* [Description of the task]:
Skip the pictures and copy all the data that follows exactly.

* [Given information]:
━━━━━━━━━━━━━━━━━━━━━━━━━━━━━━
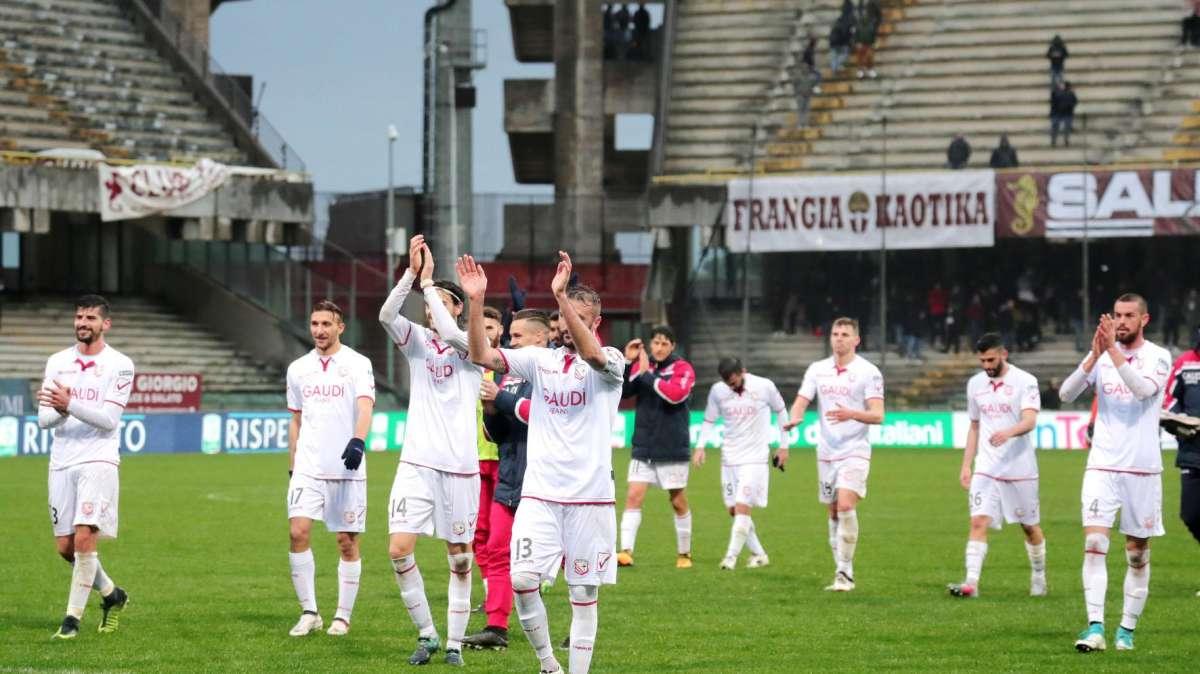 Carpi, CfA accoglie il reclamo per il tesseramento di Jacopo Giuliani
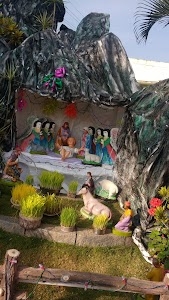 Yadavanahalli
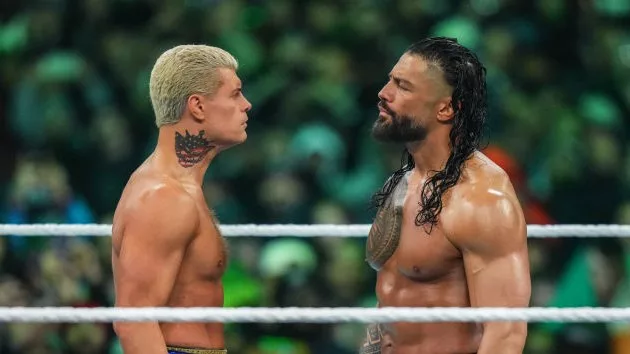 getty_wrestlemania40_04092024689795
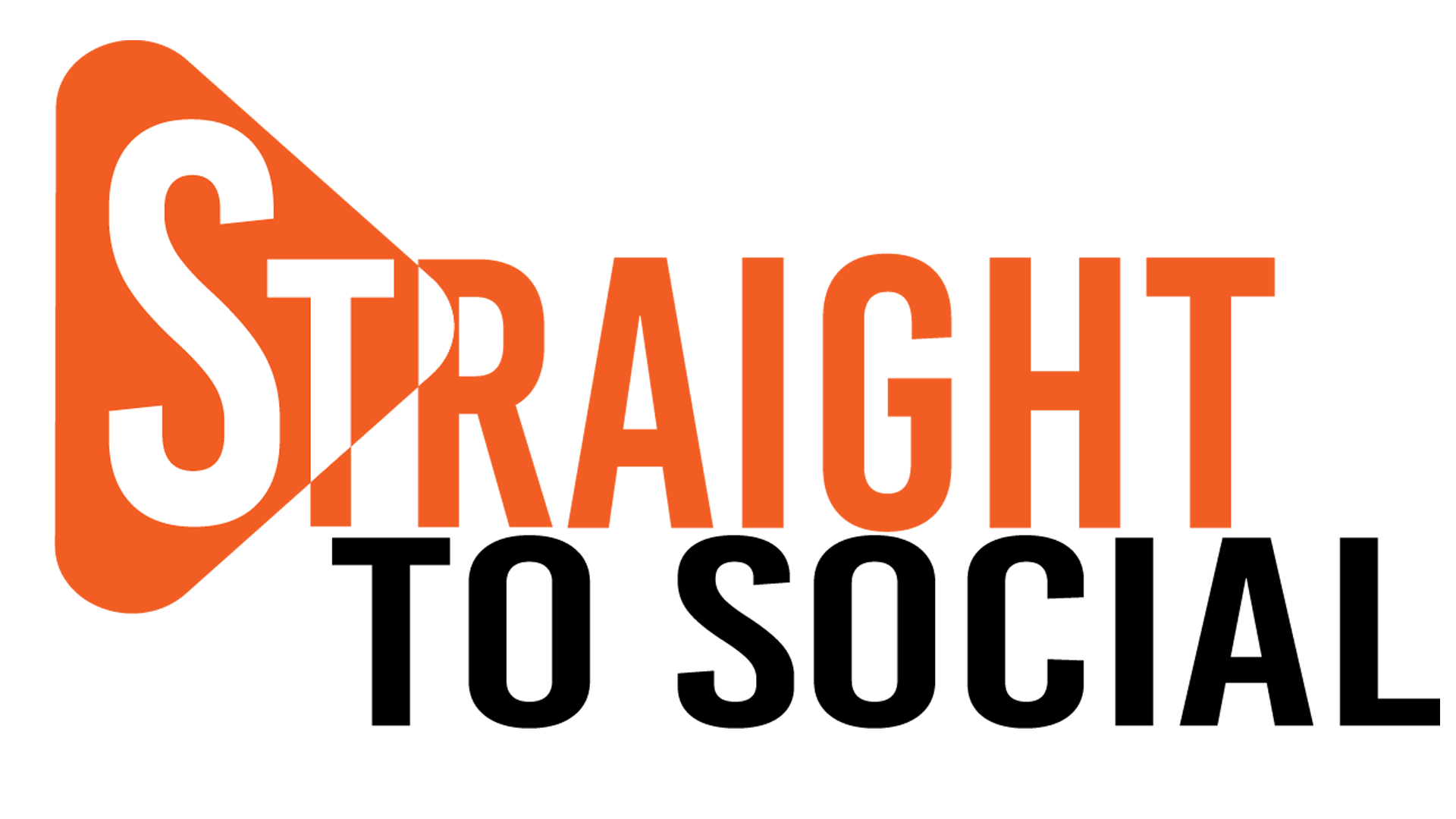 logo groot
━━━━━━━━━━━━━━━━━━━━━━━━━━━━━━
* [Expected answer]:
 Carpi, CfA accoglie il reclamo per il tesseramento di Jacopo Giuliani
 Yadavanahalli
 getty_wrestlemania40_04092024689795
 logo groot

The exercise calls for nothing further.